# build a small trailer for garden tractor?



## OhioBurner© (Apr 12, 2011)

Well my craftsman dump cart bit the dust with this past weekends trip to the woods. It was a pretty nice 12.5 cuft poly dump cart, lasted only a year but atleast I bought it used for a bit less than half price. The last couple trips it developed two cracks which can be seen in pic, on front near center other on the front corner on right hand side of pic. But what killed it is when I was going up a pretty steep incline and the whimpy dump latch gave way and the thing dumped - I had several large cherry rounds in it and when they slammed against the plastic when it hit the ground it shattered. Made for a really long day loading the last half of the truck - driving it all through the woods being very careful with only a partial load at a time.

Now I know they sell some nice carts but I really dont want to spend $500, thats more than I spent on the tractor!

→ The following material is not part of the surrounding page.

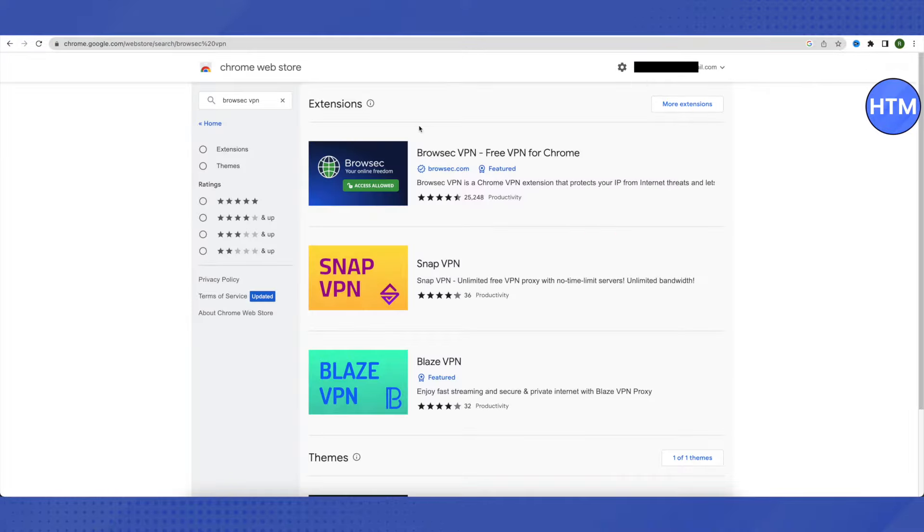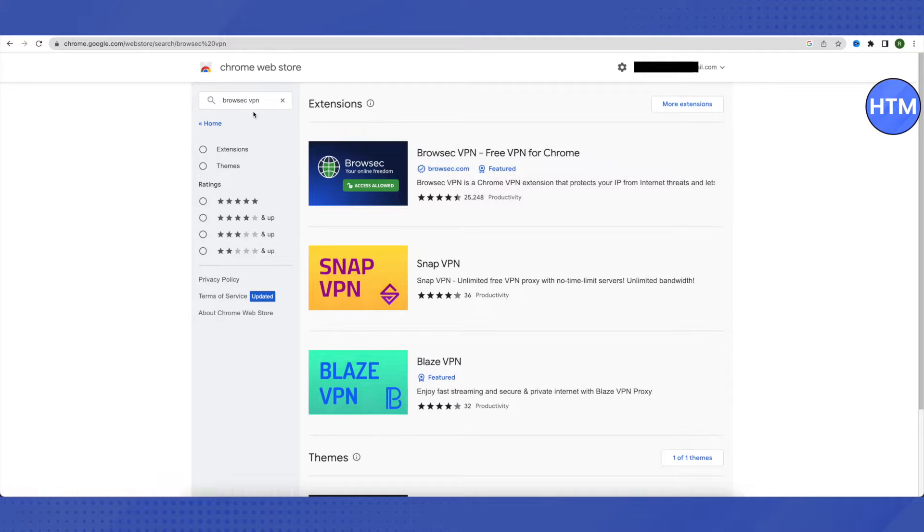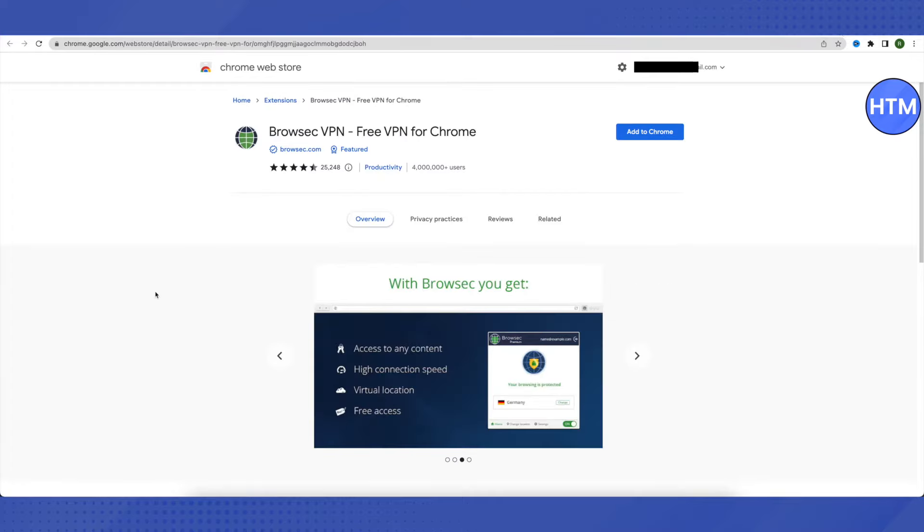In Web Store, you need to search for browser VPN and then just open up the very first extension that you will see over here. Just open it up and click on add to Chrome and add it to your Chrome.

I could just get a pretty standard 17cuft metal cart and it might suffice but I'm thinking a little bigger. Here is my idea...

Make a DIY trailer using a boat trailer. I can often find lots of old boat trailers on craigslist and if I could get it for say $100-200 I think I could build a really nice trailer. I have a 14' boat and the trailer for it could handle up to a 16'. Using mine for an example, I could cut the main beam right after they all come together and relocate the hitch there since I dont want it that long. That would take it down to about 7' long, still just a tad long but ok. I think its about 3.5' between the wheel wells, that should be ok I dont want it too much bigger than the track width of the tractor. About all I would need to buy is some angle iron or C-channel to put a few verticle risers on the frame and then around the top. I'd use PT decking or similar cut to the shape of the frame for a deck. The back would take a little more work but I should be able to fab something, maybe even a small ramp gate - that would surely help get the bigger rounds loaded up. Downsides I see to using a boat trailer is they have skinny tires, I could probably get some wider rims and tires but thats going to cost. Also I dont know if having the axle sprung would be good or bad. Dont want to hit a big bump and have it eject a round lol.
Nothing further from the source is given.